I should preface this tale by making it very clear that I’m not a bartender. I can cook like a champ and I can bake pretty well too, but I’ve never been a natural at making drinks. In fact, nearly every time, from college onward, that I have attempted a mixed drink, cocktail or other icy beverage concoction including smoothies that require ice and a blender, it inevitably turns out disastrously. I have a literal laundry list of pretty little alcoholic drinks I have tried to make and failed at. The problem is that in theory whipping these things together is so easy. So if I can quickly, accurately, and tastily craft far more complex dishes, why can’t I master this? A few ingredients, a handful of ice, and a minute in the blender is all it takes. What’s so difficult about pulling this off? Never the one to just gracefully accept my weakness and let it go, I decided to give it a whirl thinking that this time will be different. And it all went great until the end. Though it is fair to say that when the recipe calls for three sprigs of thyme, use three or even four if you relish a stronger hint of thyme, but six may have been overkill. I’m a recipe tweaker. I like to make my mark on recipes with a unique change or two to really make it my own, but in the future I think I’ll stick to tweaking less potent ingredients. Trial and error my friends.

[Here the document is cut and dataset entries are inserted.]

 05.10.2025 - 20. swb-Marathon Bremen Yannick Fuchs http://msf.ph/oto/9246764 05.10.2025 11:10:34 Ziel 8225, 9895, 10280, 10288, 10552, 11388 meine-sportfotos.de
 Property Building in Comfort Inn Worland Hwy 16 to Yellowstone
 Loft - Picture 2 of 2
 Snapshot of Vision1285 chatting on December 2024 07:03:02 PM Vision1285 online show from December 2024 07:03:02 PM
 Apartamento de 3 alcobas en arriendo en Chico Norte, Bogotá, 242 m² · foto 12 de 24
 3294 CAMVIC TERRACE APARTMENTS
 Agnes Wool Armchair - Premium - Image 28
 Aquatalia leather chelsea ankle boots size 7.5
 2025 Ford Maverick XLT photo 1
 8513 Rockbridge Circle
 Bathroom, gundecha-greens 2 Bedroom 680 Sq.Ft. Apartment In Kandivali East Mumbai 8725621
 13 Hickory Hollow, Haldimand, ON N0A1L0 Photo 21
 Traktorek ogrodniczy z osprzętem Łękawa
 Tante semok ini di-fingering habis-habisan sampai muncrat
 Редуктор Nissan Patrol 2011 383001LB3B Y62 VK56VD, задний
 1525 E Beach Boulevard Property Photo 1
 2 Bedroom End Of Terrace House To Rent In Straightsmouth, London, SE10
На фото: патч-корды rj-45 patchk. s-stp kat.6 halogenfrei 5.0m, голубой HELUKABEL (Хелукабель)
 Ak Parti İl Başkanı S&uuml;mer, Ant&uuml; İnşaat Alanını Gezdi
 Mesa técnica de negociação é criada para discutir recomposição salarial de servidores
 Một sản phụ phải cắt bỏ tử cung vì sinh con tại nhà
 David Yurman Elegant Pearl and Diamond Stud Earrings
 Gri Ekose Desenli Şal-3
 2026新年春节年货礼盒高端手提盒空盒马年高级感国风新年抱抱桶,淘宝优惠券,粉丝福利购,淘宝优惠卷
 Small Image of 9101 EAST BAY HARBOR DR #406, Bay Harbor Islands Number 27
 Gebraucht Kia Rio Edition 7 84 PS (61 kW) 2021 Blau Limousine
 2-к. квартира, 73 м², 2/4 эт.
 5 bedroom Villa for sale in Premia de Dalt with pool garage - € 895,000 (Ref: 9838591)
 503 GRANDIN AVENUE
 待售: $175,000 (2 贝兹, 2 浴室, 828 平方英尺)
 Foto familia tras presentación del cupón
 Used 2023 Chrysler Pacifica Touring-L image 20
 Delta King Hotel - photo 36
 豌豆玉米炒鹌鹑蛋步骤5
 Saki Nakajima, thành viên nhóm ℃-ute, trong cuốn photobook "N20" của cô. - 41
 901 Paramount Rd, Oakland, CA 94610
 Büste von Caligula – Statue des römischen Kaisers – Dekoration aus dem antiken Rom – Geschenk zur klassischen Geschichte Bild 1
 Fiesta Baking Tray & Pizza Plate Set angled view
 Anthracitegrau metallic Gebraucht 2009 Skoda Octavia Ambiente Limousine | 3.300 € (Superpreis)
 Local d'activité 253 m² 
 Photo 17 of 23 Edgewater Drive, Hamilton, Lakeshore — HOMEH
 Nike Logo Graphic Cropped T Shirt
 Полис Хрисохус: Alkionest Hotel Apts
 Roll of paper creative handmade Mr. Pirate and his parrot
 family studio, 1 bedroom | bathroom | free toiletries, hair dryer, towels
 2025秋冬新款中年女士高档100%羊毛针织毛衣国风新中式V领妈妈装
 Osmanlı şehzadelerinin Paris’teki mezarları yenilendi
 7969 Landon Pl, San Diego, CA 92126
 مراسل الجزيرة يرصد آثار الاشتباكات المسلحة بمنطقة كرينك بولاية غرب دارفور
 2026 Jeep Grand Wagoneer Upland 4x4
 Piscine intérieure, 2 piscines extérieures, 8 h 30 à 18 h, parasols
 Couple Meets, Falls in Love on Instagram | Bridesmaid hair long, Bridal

I’d pureed the blackberries and thyme until it reached a delicious and vibrantly purple consistency, and then mixed in the correct measurements of rum, simple syrup, triple sec, lime and sparkling water. I dumped it all back in the food processor (because mine is supposed to be able to chop ice and I didn’t want to pull out the big blender for two tiny little drinks), dropped in a handful of ice, closed the lid securely, locked it, held my hand over it, and hit “high” on the food processor. Looking back, it may have been a touch full, but whatever, right? It’ll be fine. And then it all went to hell.
Blackberry juice (blackberries that stain, might I add) exploded out of the food processor. There was blackberry drink slush oozing down the sides of the food processor, and splatters of it decorating the cabinets, the counters, the walls, the floor, the socks on Ted’s feet, my white tank top, and the basil plant. The kitchen looked like a crime scene. The sink was full of deep purple debris, my white tank top became tie-dye, the tan dish towel morphed into the purple dish towel, and the floor was a sticky mess. The ice remained unchopped. Of course.
I stood there totally dumbfounded while Ted calmly carried the remains of my precious blackberry thyme margaritas over to the sink and tried, unsuccessfully, to chop the rest of the ice and salvage what was left. They tasted merely okay, so I don’t think I’ll be making them again, in part because this particular patch of blackberries wasn’t very sweet or flavorful, but it also might have tasted a little less bitter had I not decided to get my money’s worth out of that $1.99 bundle of thyme. I think I’ll refrain from tempting fate and trying to sharpen my mad mixed drink skills for at least the next month or so. That’s what trained bartenders are for. My talents, clearly, lie elsewhere.
And I never did get to use the delicate little thyme sprig and speared blackberry garnish that I admired so.
Epic fail.
Or, as Ted said,
“That wasn’t an epic fail. That was a royal epic fail.”